Even so, I felt up to the challenge of keeping oldness at bay simply by refusing to admit it. At first I was successful. Then fate intervened and confronted me with my loss of facilities.
I came out of WH Smith’s, a place I hide in now whenever trolley pushing is on the cards, behind a father and his circa seven-year-old son. The lad was looking at the magazine that had just been bought him and walked into one of those flapping signs. He stopped and studied the pretty blue poster. He turned to his dad, who’d had also stopped, forcing me to stop as well, and asked, “Dad, what’s a Health Lottery?”
The kid was obviously pleased that he’d been able to read it and wanted to impress his father.
Dad thought for no more than five seconds and replied, “Smoking, son. Smoking.”
Pretty cool, or what? I was impressed not only at the speed of response but its quality as well.
While enjoying a grande skinny latte with my wife I told her of my brief encounter. She said, “That’s just the sort of thing you’d have said.” The ‘in the old days, when you were younger’ was left noisily unsaid.

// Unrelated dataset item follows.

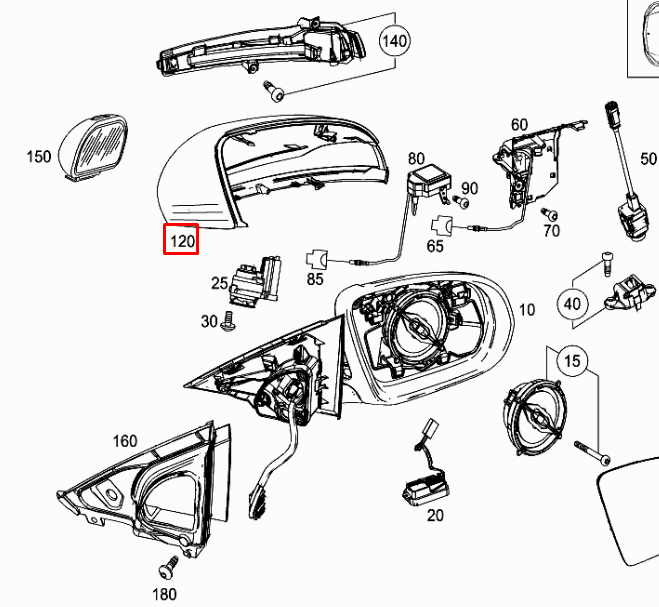 MB W205 Front Right Door Mirror Cover Cap A09981152009149 RHD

It encapsulates my life now I’m old. Instead of being a participant I’m a spectator. I report rather than generate, or even respond. I’m now happy if I see something unusual, or if I learn a bit about people.

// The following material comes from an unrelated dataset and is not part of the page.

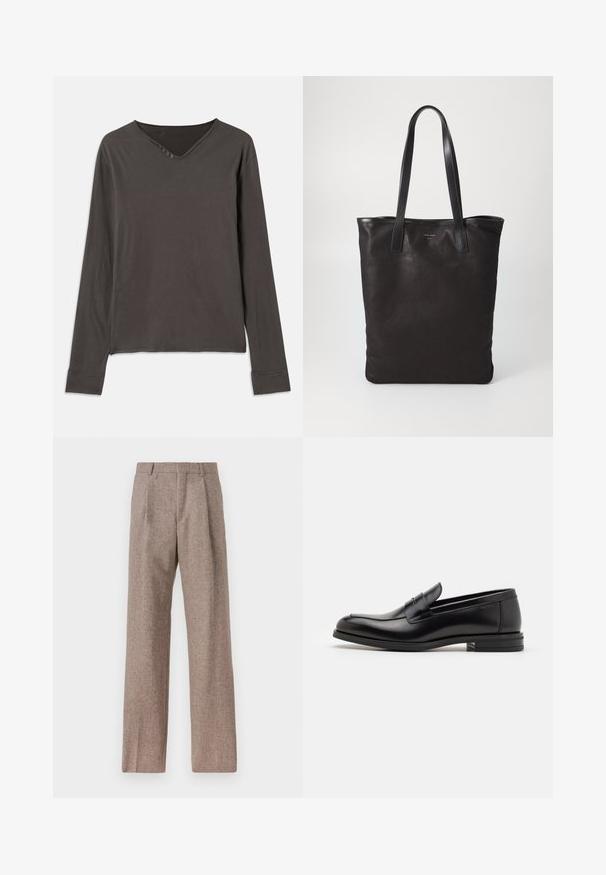 Langærmet top i mørkegrå, med V-halsudskæring og knaplukning med fire knapper. Blødt stof med en løs pasform og syede manchetter.; Brune, højtaljede bukser lavet af tekstureret stof. Har brede ben og to frontfoldninger for struktur. Pæn finish uden synlig hardware.; Sorte læderloafers med en glat overflade, rund tå og en dekorativ strop over vampen. Lav hæl med stabeldesign, minimalistisk stil.; Sort lærred tote taske med sorte læderhåndtag. Simpelt design, rummelig krop og en glat overflade. Ingen synlige logoer eller mønstre.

I’m IT literate. I’ve built my own desktop computers for the last 20 years, adding state-of-the-art hardware, firmware and software. I’ve run a dozen or so websites and currently run two. I have just learned WordPress after years of WYSIWYG software. I have computer problems brought to me by my kids. ‘You couldn’t just . . . ’ is a common phrase used when relatives present me with a laptop. However on one of my now frequent visits to WH Smith I was perusing the computer section of the magazines when I saw ‘Computing for Seniors’.
I picked it up and saw that for just £11.99 I could be patronised for about 100 pages. I tutted, something else that comes with age I’ve found, and tried to throw the the magazine back onto its shelf. I missed, something else I would not have done a few years ago, and it fell to the floor. A grey haired ‘senior’ woman, about my age, picked it up from the floor and handed it to me. I shook my head.

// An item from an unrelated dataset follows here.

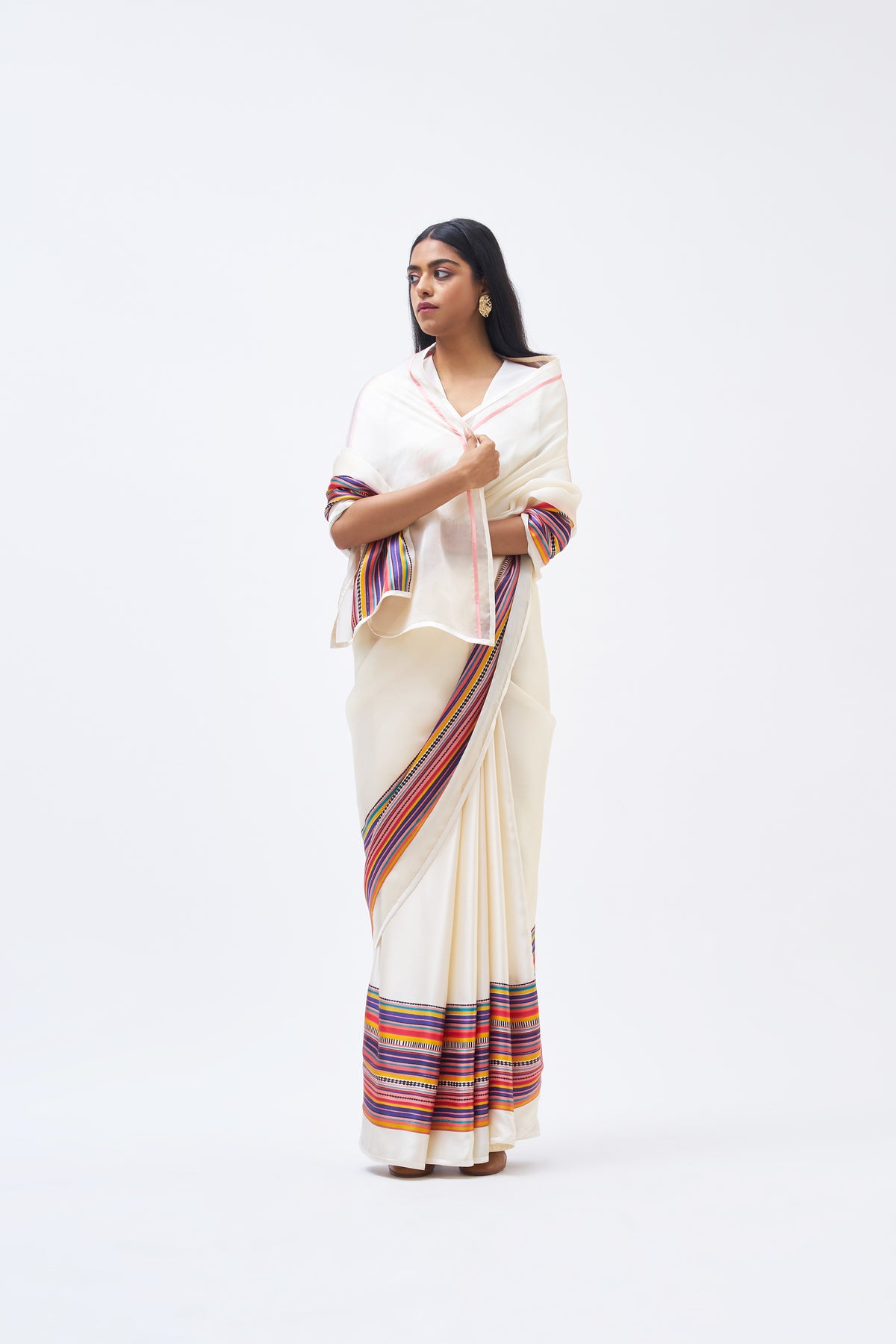 Charley Stripe Silk Organza Saree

“I’m sorry,” I said. “It’s just that I’m more IT literate than any of my kids, and lots of their friends, but because I’m old, it is assumed I have no idea what bandwidth is.”
She nodded. “I run my own IT company and I always wanted to hand it over to my elder daughter. But she gets confused by her iPad. All I’m doing now is making it look a bit better for the sale.”
We chatted for a while, no doubt the epitome of two pensioners looking for a book to help them use their mobile phones.
As we are old they think we are somehow past anything technical.